Postnasal Drip Cough
If you constantly feel like mucus is draining down the back of your throat, you’re probably dealing with postnasal drip. Along with the cough, you may notice frequent throat clearing, a hoarse voice, a sore throat, the sensation of a lump in your throat, or frequent swallowing. Allergies are a common trigger, but sinus infections, pregnancy, certain medications, and acid reflux can all cause it too.
This type of cough tends to be worse when you lie down, making it a frequent cause of nighttime coughing.
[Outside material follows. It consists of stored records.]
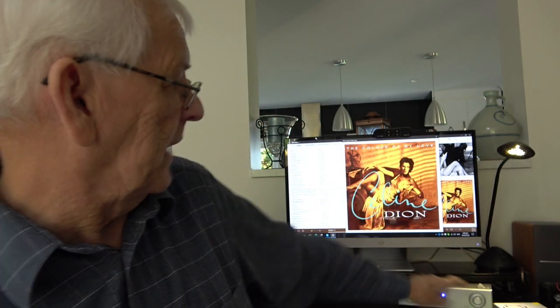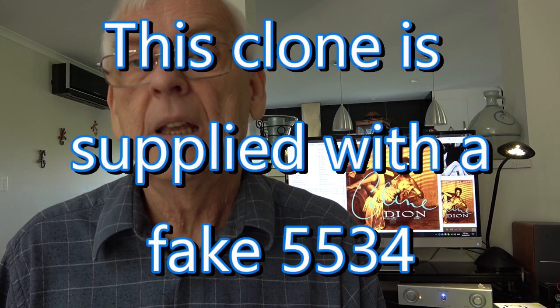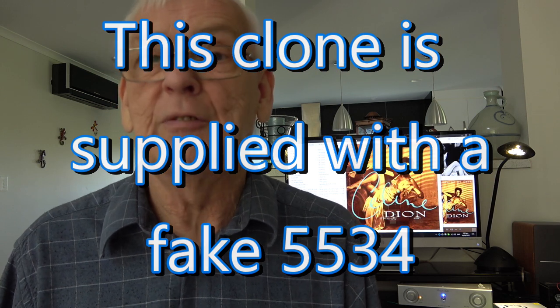As amplifiers go it's reasonably sensitive. On some things you might connect to it you may not need a preamp, but I found that on most sources — such as the DAC on the computer — to get gain around 12 to 1 o'clock for sensible listening levels, you do need a preamp. I'm using the Accuphase clone, and the gain from that suits it absolutely perfectly.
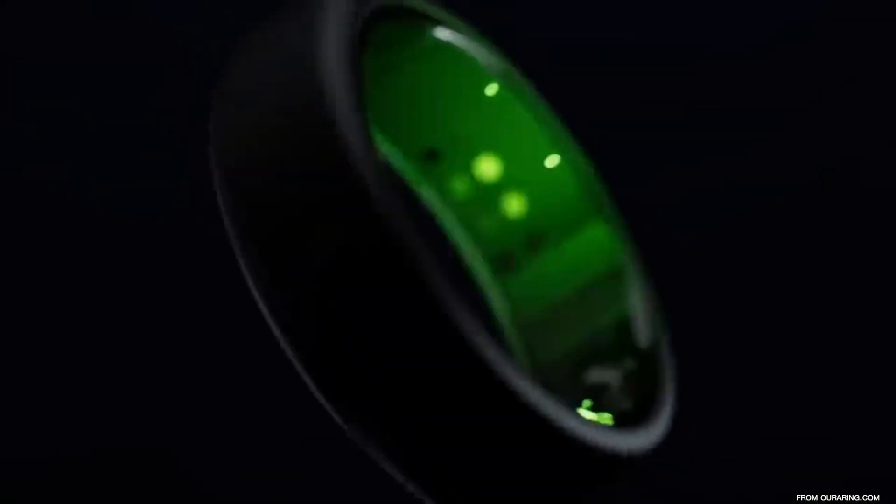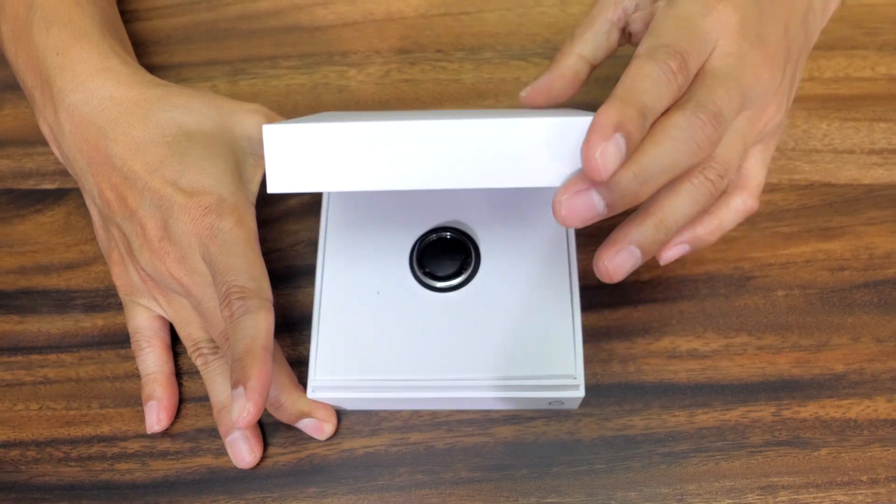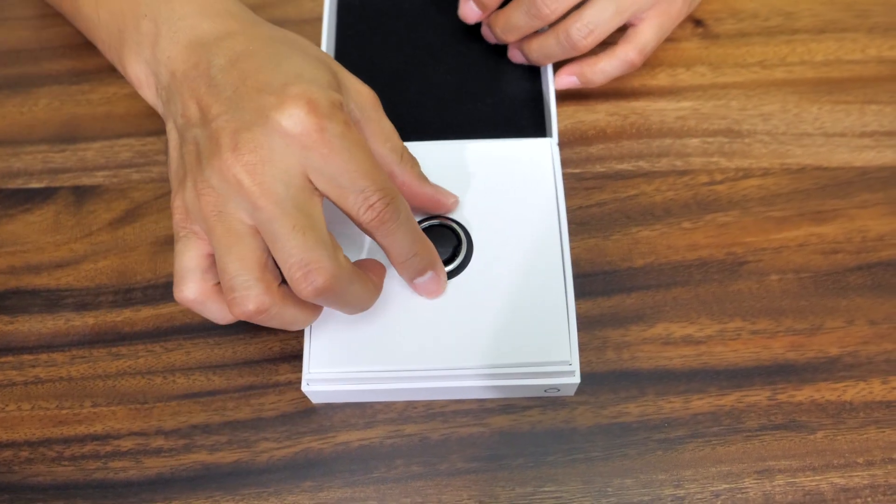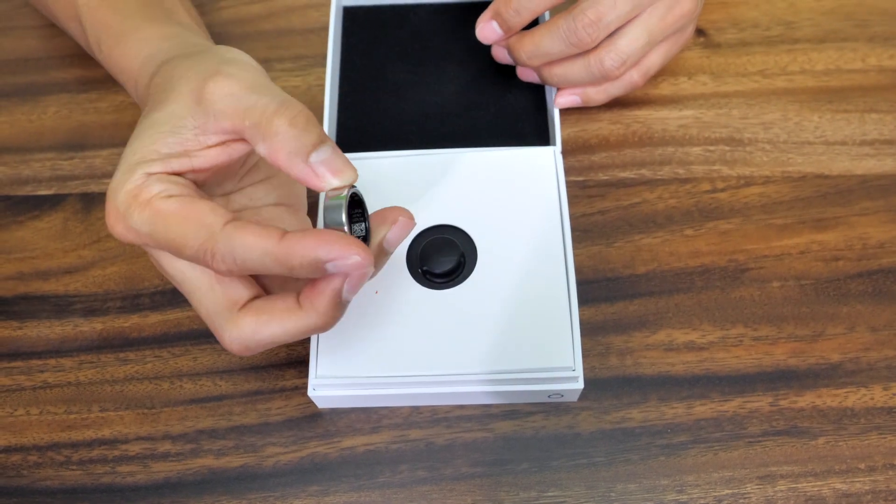Welcome to the Nugent Peak Performance Channel. Today I'll be unboxing the Oura Ring. If I open this box right here, we have the ring that pops out right there. I got the silver ring.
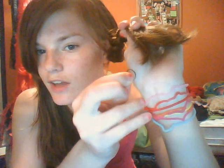Then you're going to want to use a little hair elastic. I'm using Expression Snag-Free hair ties from, again, the Dollar Store.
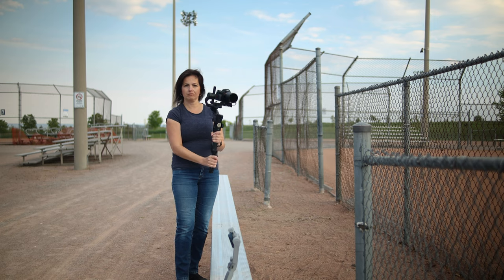Moza Air 2S is a beast — and I could not help but joke a little bit. You know when you are holding this heavy gimbal for a while and then you grab the smartphone gimbal — this is what happens. So yes, big and heavy, but extremely smooth with amazing battery life — 20 hours. A link to this product can be found below the video in the description.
The mucus that drains easily while you’re upright pools in your throat when you’re flat on your back.
Asthma-Related Cough
Asthma doesn’t always come with obvious wheezing or shortness of breath. A form called cough-variant asthma produces a persistent dry cough as the primary (sometimes only) symptom. This cough often worsens at night, during exercise, in cold air, or around known triggers like dust, pollen, or pet dander. If your cough follows these patterns and tends to be dry and repetitive rather than phlegmy, asthma is a real possibility, even if you’ve never been diagnosed.
Acid Reflux Cough
GERD causes a chronic dry cough when stomach acid irritates the lower esophagus or reaches the throat. You might not even have classic heartburn. Some people with reflux-related cough notice it worsens after meals, when lying down, or after eating acidic or spicy foods. A persistent dry cough with no obvious respiratory cause, especially if you also get a sour taste in your mouth or mild throat irritation, is worth evaluating for reflux.
Medication-Related Cough
If you take medication for high blood pressure, check whether it’s an ACE inhibitor (common names end in “-pril,” like lisinopril or enalapril). These drugs cause a persistent dry, tickly cough in a notable percentage of users. In a study of over 27,000 patients, about 4% developed a cough significant enough to stop the medication. The cough can start within weeks of beginning the drug or develop months later, which makes it easy to miss the connection. Switching to a different type of blood pressure medication resolves it.
What the Cough Sounds Like
Some coughs have very distinctive sounds that point to specific conditions. A harsh, barking cough that sounds like a seal is characteristic of croup, which occurs when the vocal cords and upper airway swell. Croup primarily affects young children and often comes with a high-pitched whistling sound when breathing in. The barking gets worse with crying, anxiety, and more coughing, which creates a cycle that can be alarming for parents.
Whooping cough (pertussis) produces intense coughing fits followed by a sharp, high-pitched “whoop” as the person gasps for air. In adults, the whoop may be absent, but the coughing spells are unusually violent and prolonged, sometimes causing vomiting.
When Timing Is a Clue
Pay attention to when your cough is worst. Nighttime coughing has a specific set of causes: postnasal drip, asthma, and acid reflux all worsen when you’re lying down. But a cough that gets worse at night and keeps you from sleeping can also signal a cardiac cough. Heart failure can cause fluid to pool in the lungs, a condition called pulmonary edema, and your body coughs to try to clear it. This type of cough is typically persistent, may produce frothy or pink-tinged mucus, and comes with other signs like swollen ankles, shortness of breath with exertion, or fatigue.
Morning coughs that produce mucus are common in smokers and people with chronic bronchitis, as overnight mucus accumulation clears when you get up and start moving. Exercise-triggered coughing points toward asthma or exercise-induced bronchospasm.
Signs That Need Prompt Attention
Most coughs resolve without intervention, but certain features warrant a call to your doctor: difficulty breathing, painful or difficult swallowing, coughing up blood or blood-streaked phlegm, wheezing, thick green or yellow phlegm, or a high or persistent fever. A cough lasting more than a week with any of these symptoms should be evaluated rather than waited out.